In Zambia, there are several policies that may be relevant for helping strengthen the resilience of UFS, including some that may not be explicitly designed with UFS in mind. For instance, the Markets and Bus Stations Act is a national policy with important local implications. The Act sets up the governance structures for open-air markets, which play a critical role in the UFS of most urban areas in Zambia (Hannah et al. 2022). Supporting investment in these markets and including market committees in city-level policy and planning processes can help address the recognitional equity aspect of markets that is often missing in UFS planning. The Zambia National Lands Policy supports government agencies, such as the Department of Town and Country Planning, to promote sustainable land management and equitable access to land. This includes making provisions for land tenure, water accessibility, and the availability of agricultural inputs, all of which are necessary for households to engage effectively in urban agriculture (Davies et al. 2020). Further relevant policies in Zambia are presented in Table B1 of Appendix 2.

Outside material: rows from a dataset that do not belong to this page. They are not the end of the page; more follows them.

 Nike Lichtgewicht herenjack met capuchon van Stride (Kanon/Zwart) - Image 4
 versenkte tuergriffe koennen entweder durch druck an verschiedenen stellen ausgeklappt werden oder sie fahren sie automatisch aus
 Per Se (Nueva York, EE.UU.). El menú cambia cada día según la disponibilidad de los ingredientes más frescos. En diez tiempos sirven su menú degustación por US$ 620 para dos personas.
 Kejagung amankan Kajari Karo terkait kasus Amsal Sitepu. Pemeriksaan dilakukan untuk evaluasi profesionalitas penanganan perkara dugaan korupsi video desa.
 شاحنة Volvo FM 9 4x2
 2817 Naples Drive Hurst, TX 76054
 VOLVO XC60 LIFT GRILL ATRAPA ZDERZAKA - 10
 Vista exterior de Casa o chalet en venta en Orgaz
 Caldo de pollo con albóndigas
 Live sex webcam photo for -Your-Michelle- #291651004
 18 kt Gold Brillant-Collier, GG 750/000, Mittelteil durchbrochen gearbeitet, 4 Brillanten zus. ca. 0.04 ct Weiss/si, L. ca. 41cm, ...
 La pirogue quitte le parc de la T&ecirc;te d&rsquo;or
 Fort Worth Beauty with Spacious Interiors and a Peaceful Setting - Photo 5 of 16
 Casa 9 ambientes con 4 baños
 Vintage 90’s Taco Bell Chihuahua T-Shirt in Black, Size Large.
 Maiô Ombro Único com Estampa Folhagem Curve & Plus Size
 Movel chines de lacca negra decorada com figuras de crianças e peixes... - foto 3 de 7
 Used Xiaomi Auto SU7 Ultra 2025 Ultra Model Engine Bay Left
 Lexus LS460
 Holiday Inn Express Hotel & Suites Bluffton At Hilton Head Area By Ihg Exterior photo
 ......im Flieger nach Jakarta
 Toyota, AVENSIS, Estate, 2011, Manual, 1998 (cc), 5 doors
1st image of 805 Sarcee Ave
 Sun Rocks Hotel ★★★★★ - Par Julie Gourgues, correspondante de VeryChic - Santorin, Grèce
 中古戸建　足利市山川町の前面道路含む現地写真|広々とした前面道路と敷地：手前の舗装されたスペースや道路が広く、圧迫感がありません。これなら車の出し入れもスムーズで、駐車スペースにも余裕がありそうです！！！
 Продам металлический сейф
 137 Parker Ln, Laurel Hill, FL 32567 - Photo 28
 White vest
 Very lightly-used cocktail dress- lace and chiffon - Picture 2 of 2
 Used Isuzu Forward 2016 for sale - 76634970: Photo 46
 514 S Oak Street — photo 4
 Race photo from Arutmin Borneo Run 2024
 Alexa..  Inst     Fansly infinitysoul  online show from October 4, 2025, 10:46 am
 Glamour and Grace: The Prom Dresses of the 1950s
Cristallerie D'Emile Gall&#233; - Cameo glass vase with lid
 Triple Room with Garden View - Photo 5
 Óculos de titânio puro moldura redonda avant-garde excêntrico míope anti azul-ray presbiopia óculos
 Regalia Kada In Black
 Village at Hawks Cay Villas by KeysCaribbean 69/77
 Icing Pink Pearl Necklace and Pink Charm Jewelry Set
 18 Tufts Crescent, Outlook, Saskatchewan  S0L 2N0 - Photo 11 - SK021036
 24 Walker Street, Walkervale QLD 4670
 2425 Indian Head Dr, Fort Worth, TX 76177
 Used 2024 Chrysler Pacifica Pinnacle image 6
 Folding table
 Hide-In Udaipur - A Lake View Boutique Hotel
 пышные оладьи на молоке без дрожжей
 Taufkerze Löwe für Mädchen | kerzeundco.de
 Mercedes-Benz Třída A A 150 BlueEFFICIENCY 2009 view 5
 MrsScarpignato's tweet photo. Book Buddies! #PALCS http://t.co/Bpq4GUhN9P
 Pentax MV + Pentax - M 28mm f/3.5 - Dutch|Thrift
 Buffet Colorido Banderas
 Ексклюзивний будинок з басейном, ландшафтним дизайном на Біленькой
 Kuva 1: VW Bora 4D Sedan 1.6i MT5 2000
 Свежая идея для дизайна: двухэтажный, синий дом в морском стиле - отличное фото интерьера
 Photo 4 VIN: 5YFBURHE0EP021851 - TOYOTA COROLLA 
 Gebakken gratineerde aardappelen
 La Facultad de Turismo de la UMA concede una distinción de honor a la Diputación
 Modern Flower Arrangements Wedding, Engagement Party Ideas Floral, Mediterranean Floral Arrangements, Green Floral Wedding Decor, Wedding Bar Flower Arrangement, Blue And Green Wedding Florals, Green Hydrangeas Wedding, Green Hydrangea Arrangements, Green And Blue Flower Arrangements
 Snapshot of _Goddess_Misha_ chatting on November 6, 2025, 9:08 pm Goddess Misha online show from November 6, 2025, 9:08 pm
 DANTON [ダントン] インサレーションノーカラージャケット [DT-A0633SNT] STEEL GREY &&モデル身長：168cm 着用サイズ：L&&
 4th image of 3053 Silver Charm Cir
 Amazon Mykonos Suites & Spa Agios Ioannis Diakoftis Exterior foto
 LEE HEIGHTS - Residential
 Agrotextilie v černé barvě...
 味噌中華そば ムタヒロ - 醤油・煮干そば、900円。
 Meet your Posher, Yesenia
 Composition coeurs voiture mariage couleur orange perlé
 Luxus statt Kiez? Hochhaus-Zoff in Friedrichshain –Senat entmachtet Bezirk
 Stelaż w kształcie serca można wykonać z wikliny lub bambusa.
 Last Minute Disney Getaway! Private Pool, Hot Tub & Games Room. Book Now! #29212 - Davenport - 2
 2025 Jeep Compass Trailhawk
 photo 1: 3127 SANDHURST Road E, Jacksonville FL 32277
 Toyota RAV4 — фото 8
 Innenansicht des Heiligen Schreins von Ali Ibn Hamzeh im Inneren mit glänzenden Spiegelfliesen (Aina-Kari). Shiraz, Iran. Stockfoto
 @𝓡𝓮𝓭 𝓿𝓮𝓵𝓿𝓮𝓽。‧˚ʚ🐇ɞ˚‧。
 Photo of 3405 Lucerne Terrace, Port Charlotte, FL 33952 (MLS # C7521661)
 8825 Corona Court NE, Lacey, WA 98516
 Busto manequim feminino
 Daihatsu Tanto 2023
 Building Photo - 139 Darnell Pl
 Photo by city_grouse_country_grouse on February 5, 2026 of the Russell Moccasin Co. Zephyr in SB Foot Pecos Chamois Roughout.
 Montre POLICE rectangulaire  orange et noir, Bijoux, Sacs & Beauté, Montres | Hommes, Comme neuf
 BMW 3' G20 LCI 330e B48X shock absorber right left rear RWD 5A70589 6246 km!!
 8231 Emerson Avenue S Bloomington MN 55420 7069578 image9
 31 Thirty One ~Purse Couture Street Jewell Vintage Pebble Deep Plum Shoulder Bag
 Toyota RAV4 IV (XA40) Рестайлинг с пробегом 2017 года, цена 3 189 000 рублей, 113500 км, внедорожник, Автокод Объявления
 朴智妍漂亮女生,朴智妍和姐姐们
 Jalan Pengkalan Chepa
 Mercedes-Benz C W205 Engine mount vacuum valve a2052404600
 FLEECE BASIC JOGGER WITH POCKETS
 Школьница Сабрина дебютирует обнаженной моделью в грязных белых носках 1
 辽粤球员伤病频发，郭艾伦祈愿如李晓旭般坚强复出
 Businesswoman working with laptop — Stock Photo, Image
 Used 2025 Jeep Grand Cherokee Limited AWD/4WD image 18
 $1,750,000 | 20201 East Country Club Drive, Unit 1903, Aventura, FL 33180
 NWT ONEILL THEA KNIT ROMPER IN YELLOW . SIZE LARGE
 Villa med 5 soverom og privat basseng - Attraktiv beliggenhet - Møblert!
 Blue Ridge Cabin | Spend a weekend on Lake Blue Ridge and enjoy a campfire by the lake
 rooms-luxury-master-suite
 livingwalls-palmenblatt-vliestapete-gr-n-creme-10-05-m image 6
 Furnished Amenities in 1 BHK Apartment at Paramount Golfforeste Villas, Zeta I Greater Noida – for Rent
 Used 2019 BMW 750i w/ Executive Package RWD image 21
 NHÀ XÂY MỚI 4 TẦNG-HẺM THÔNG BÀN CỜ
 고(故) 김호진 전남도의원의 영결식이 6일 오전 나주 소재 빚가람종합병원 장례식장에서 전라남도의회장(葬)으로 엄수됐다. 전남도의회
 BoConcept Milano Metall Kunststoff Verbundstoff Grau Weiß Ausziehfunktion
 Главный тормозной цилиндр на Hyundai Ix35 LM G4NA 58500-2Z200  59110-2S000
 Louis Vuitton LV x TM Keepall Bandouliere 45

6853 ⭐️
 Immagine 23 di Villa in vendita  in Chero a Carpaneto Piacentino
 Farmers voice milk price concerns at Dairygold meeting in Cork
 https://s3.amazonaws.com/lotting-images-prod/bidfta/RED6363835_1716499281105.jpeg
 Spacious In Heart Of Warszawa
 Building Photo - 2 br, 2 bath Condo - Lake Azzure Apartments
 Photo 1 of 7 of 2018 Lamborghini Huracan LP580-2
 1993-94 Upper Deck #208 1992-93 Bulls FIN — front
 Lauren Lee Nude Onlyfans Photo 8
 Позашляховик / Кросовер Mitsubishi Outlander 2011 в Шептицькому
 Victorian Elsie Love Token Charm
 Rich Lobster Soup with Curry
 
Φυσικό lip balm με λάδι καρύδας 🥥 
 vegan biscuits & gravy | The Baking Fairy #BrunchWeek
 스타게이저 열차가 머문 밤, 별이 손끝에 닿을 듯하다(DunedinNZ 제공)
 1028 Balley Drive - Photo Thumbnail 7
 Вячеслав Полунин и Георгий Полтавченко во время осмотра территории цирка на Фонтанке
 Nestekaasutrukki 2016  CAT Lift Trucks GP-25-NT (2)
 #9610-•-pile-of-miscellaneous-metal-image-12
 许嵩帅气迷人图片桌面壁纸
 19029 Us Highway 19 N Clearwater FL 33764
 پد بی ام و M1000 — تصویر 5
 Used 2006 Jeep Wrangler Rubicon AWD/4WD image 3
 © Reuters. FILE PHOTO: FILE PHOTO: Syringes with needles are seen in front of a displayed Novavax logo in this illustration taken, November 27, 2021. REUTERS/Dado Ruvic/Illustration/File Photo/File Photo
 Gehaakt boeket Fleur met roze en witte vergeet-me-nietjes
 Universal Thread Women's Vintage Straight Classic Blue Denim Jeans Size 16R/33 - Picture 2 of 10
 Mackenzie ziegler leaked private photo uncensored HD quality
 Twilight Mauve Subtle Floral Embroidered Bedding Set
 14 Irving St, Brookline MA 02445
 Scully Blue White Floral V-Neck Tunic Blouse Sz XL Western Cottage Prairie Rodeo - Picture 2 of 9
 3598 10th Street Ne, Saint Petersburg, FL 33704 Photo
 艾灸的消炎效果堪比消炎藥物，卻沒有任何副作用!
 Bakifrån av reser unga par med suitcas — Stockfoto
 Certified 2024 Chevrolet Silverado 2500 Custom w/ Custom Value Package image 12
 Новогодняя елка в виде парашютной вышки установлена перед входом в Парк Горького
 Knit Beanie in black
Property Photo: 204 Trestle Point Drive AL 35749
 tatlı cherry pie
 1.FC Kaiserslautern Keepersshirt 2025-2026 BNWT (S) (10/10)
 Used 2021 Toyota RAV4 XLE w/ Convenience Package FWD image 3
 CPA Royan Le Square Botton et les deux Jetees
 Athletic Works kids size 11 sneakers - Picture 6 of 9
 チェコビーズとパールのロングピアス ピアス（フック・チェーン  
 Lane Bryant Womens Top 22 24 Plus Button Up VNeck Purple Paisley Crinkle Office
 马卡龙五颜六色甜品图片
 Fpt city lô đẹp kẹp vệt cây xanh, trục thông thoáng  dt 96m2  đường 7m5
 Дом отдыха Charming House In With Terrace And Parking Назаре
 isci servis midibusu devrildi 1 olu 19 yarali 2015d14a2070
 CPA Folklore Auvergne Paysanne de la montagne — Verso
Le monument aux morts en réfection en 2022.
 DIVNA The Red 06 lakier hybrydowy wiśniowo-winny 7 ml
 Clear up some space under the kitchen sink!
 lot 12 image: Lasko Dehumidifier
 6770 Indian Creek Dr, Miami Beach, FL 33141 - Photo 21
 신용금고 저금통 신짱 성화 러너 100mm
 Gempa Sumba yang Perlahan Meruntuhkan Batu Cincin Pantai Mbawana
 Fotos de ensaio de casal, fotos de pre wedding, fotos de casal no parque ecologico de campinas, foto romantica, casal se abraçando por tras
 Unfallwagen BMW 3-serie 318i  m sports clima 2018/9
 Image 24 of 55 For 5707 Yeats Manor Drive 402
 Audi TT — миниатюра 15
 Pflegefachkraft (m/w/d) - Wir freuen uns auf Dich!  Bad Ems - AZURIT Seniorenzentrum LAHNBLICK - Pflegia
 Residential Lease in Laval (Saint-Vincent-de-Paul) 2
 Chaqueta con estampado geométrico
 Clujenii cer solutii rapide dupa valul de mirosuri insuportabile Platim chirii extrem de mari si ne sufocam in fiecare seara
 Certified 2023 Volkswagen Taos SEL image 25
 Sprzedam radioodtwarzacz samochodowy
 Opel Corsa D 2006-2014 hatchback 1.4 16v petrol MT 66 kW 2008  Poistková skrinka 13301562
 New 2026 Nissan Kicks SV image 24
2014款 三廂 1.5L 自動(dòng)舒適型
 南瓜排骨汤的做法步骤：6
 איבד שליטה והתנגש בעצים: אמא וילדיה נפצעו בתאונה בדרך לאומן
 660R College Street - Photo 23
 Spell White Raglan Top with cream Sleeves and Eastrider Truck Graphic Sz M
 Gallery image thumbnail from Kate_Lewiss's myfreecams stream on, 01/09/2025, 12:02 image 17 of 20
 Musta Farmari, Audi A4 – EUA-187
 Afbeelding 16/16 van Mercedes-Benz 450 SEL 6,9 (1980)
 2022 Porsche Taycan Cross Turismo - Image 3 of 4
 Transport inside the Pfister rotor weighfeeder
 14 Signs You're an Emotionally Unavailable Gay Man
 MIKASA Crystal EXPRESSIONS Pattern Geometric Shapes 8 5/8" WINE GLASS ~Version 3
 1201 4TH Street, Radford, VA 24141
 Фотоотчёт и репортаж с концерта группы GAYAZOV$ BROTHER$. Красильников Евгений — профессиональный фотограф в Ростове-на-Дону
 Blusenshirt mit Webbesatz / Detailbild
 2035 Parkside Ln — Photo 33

As each UFS is unique, our survey data alone do not allow us to draw precise conclusions about the variability in UFS across cities, nor about shifting household behaviors, such as changes in visits to food retailers or levels of urban agriculture engagement. However, the variation in changes that we observed across different cities from 2019 to 2021 suggests a need for flexible, context-specific responses to shocks and pressures, whereby interventions can be adapted to meet the needs of diverse household types and different cities. To achieve this approach, it is important to consider the unique strengths and vulnerabilities of each city, including how decision-makers support cities in response to shocks, which can affect how households respond to food insecurity challenges.
Policy tools such as the CDF can help address equity challenges by serving as a reinforcement system to support households in times of need, thereby strengthening the resilience of households and UFS to future shocks. Simultaneously, policy tools should aim to incorporate the perspectives and voices of all relevant stakeholders to ensure recognitional and procedural equity in UFS governance. In some cities, street vending and urban agriculture contribute significantly to food accessibility, affordability, and availability. Establishing clear guidelines and providing resources and training to vendors and urban farmers and fostering collaboration between local government authorities and relevant national ministries are essential actions for promoting safe and organized street vending and supporting urban agriculture. These collective efforts can build more resilient and equitable UFS that ensure food security and well-being for all residents.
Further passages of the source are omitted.